__WHAT IS NEEDED__.
Restate the listing below word for word, omitting any images.

__INPUT DATA__.
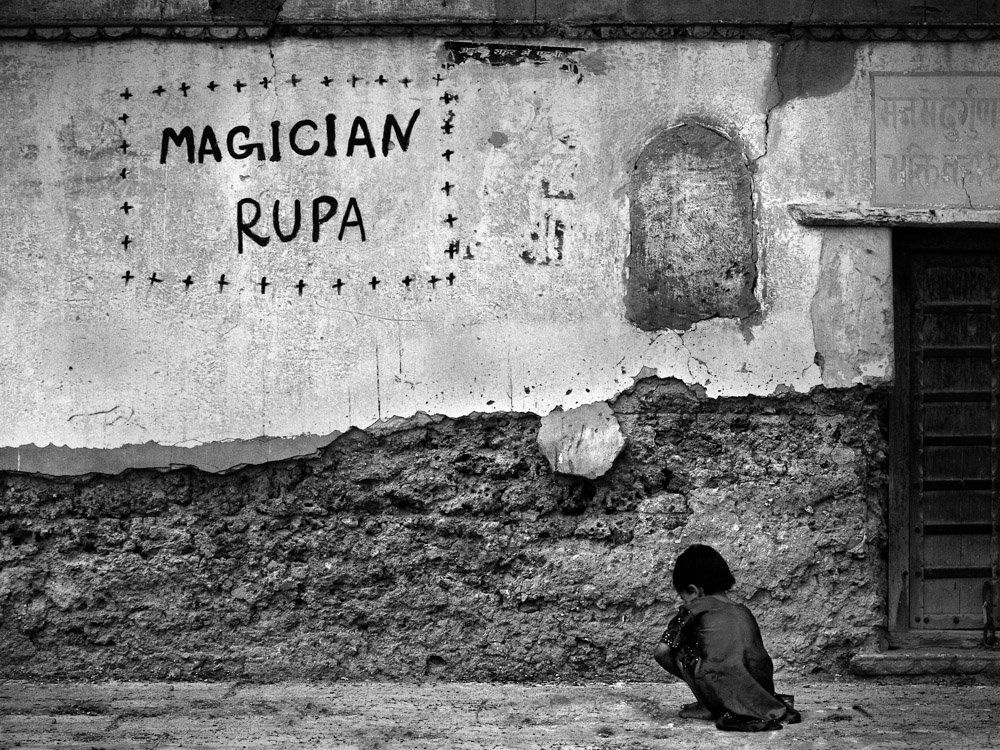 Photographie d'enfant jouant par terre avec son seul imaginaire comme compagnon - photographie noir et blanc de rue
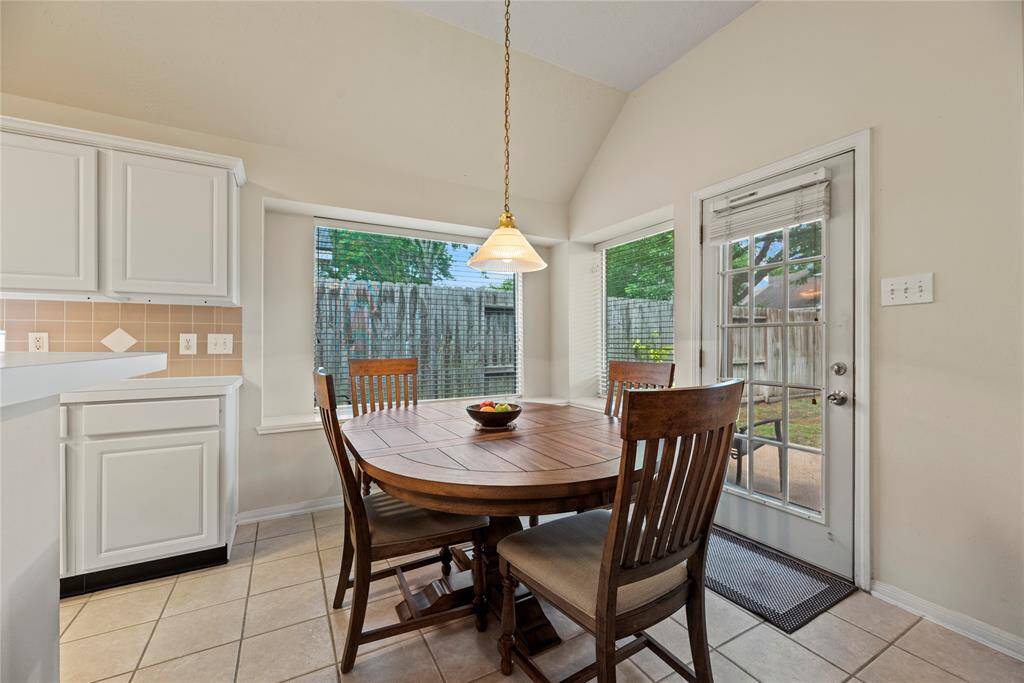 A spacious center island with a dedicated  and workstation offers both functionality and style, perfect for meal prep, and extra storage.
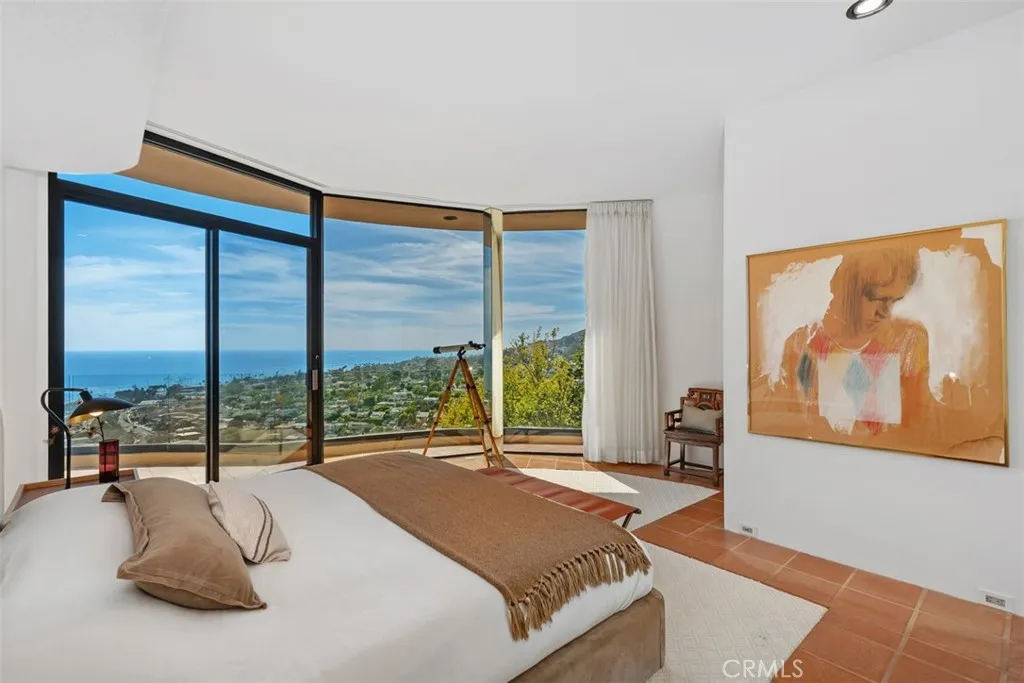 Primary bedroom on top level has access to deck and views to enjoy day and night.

__EXERCISE RESPONSE__.
 Photographie d'enfant jouant par terre avec son seul imaginaire comme compagnon - photographie noir et blanc de rue
 A spacious center island with a dedicated  and workstation offers both functionality and style, perfect for meal prep, and extra storage.
 Primary bedroom on top level has access to deck and views to enjoy day and night.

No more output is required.